Bienstock PLLC Files Suit for Restitution of Historic “Bird’s Head Haggadah”
By: Martin Bienstock
On prominent display at the Israel Museum in Jerusalem is an exhibit of a 14th century illuminated manuscript titled: “The Birds’ Head Haggadah.” The Haggadah depicts human bodies with birds’ heads as they engage in Passover-related themes, from baking matzos and drinking wine, to a reenactment of Moses splitting the Reed Sea. A small plaque nearby advises visitors that:
The Haggadah was in the possession of Ludwig and Johanna Marum, Karlsruhe, Germany until the Nazi epoch.
Visitors are not informed, however, that the Haggadah was stolen from the Marum family in 1934, shortly after Dr. Ludwig Marum had been interned and then murdered in a Nazi concentration camp. They also are not informed that the Museum purchased the Haggadah for $600 in a backroom deal without obtaining any proof of ownership, from an impoverished high school teacher whose claim to lawful possession fell apart upon the lightest questioning.

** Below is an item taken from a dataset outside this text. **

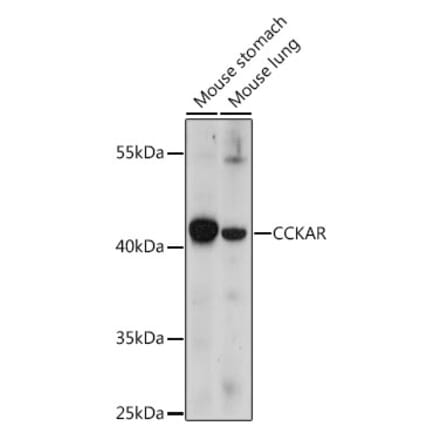 Western Blot - Anti-CCK1-R Antibody (A93043) - Antibodies.com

They are not informed that rather than search for the lawful owners, the Museum had removed and destroyed the flyleaf showing that the Haggadah had been in possession of the family for more than 75 years, or that the Museum had for years unlawfully refused to acknowledge the legitimate ownership claims issued by Dr. Marum’s daughter Elisabeth from her New York residence.

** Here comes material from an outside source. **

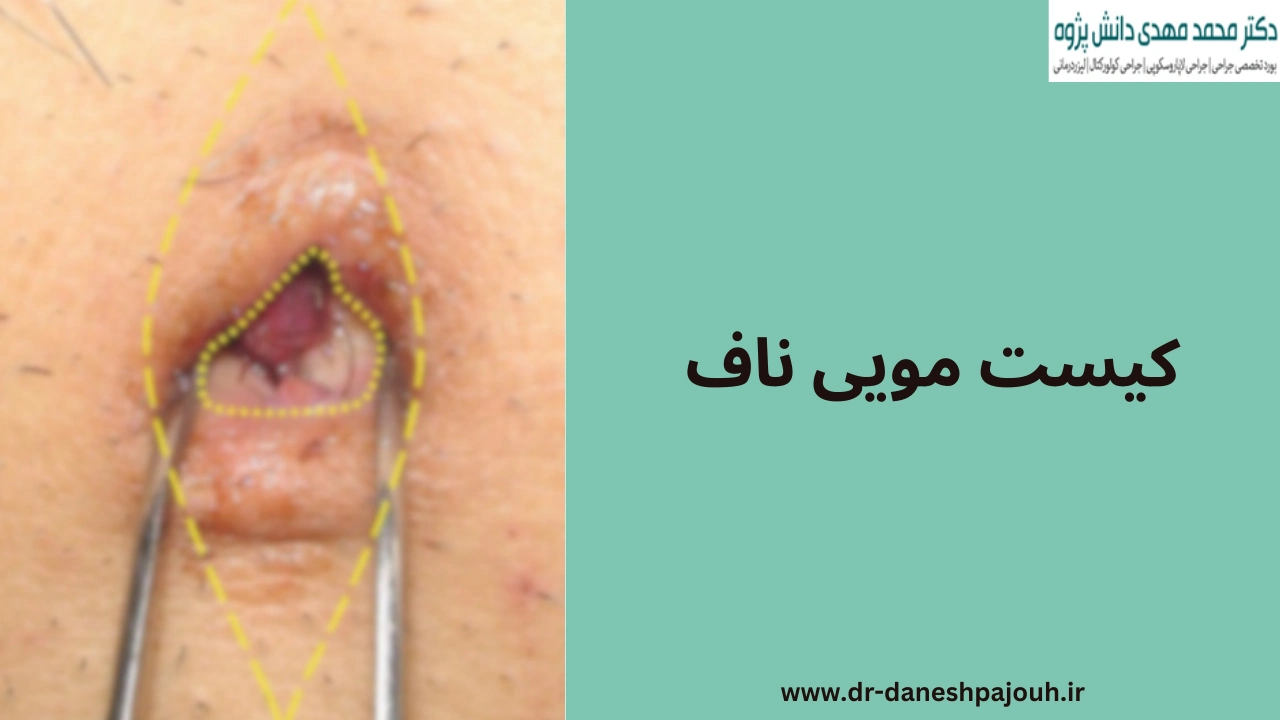 کیست مویی ناف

The Museum has repeatedly asserted that the Haggadah really “belonged to the Jewish People.” But the Haggadah, in fact, was private property that was and is still owned by the Marum family.
The Haggadah had been a family heirloom of Dr. Marum’s in-laws, who had presented it to Dr. Marum as a wedding gift. It was displayed proudly in his law offices as he became a successful lawyer and parliamentarian, and an outspoken advocate for human and civil rights.

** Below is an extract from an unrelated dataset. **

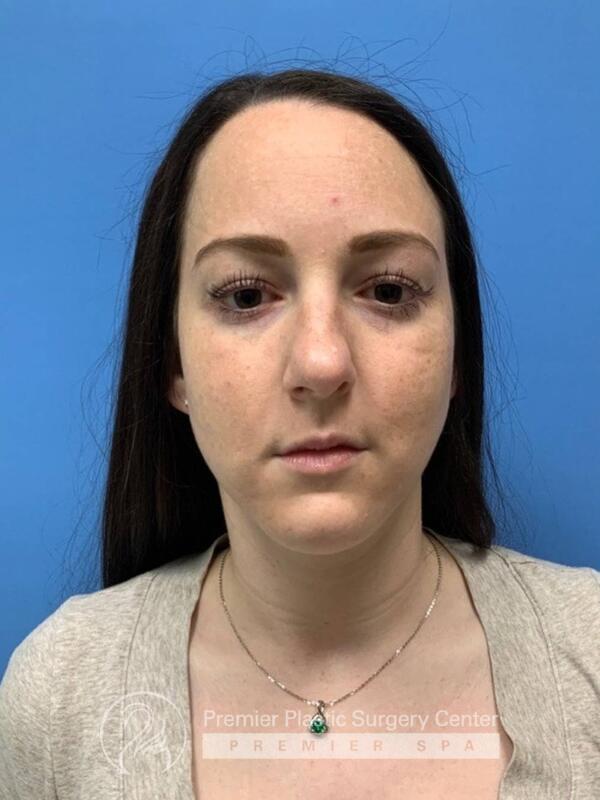 Fillers Before & After Image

Dr. Marum was the last openly identified Jewish member of the Reichstag (the German parliament), a leader of the Social Democratic Party, and an outspoken nemesis of the Nazis. When the Nazis took power, he was one of their first targets. The Nazis not only murdered Dr. Marum, but, over time, also all-but-destroyed the family that Dr. Marum and his wife had built. Their daughter Elisabeth escaped and moved to New York. Their daughter Eva Brigitte was murdered by the Nazis in the Sobibor death camp. Her orphaned son was taken into the care of a Jewish couple, Holocaust survivors as he was, who brought him to the State of Israel and gave him a new identity as Eli Barzilai. The Marum’s son Hans Karl, after escaping Europe during the war, moved to East Germany and ended up under the watch of the infamous Stasi police.
In the aftermath of the Holocaust, the surviving Marum children and grandchildren, like so many others, did what they could to move on from the horror and create new lives for themselves. Then, in the late 20th century, a new chapter in the history of the Marum family began to unfold. Elisabeth became determined to spend the remainder of her life reviving her father’s memory and legacy. As a result of her efforts, a school was established in Karlsruhe bearing Dr. Marum’s name; the city erected a memorial to him, and two awards are given out annually in his name. His name is now familiar throughout the city of Karlsruhe.
Gradually, too, through Elisabeth’s efforts, the dispersed Marum family discovered its own kinship. When Elisabeth died in 1998, the four surviving grandchildren of Dr. Marum came together for the first time in honor of her funeral. They visited the site at which Dr. Marum had been murdered and the street which now bore his name. They acknowledged each other as family. Sixty years after his murder, the Marum family became re-united.
At the same time, the world increasingly was recognizing that property that had been stolen from families such as the Marums should be restituted to them to the greatest feasible extent. Dozens of countries, including the United States, Germany and Israel, adopted the 1998 Washington Conference Statement of Principles, and the 2009 Terezin Declaration. In 2016, Congress passed the Holocaust Expropriated Art Act (the “HEAR Act”), which suspended time-based legal defenses to claims for art lost because of Nazi persecution due to the unique and horrific circumstances of World War II.
Mr. Barzilai, who for years had declined even to acknowledge his Marum family roots, now was determined to assert his identity not only as a proud Israeli but also as a proud scion of the Marum family. He demanded that the Museum acknowledge the Marum family’s ownership of the Haggadah, even as he expressed the wish that the Haggadah remain on display at the Israel Museum.
Offered one final opportunity to make things right, the Museum declined. Accordingly, the surviving members have filed suit in New York Supreme Court for restitution of the Bird’s Head Haggadah and other relief.
Martin Bienstock, an attorney for Plaintiffs, said: “This case reflects the Marum family’s heroic efforts to survive and persevere as a family, and to honor the memory of the martyred German Jewish leader Dr. Ludwig Marum. The Birds’ Head Haggadah is a precious family heirloom that must be restituted to the family in his name.”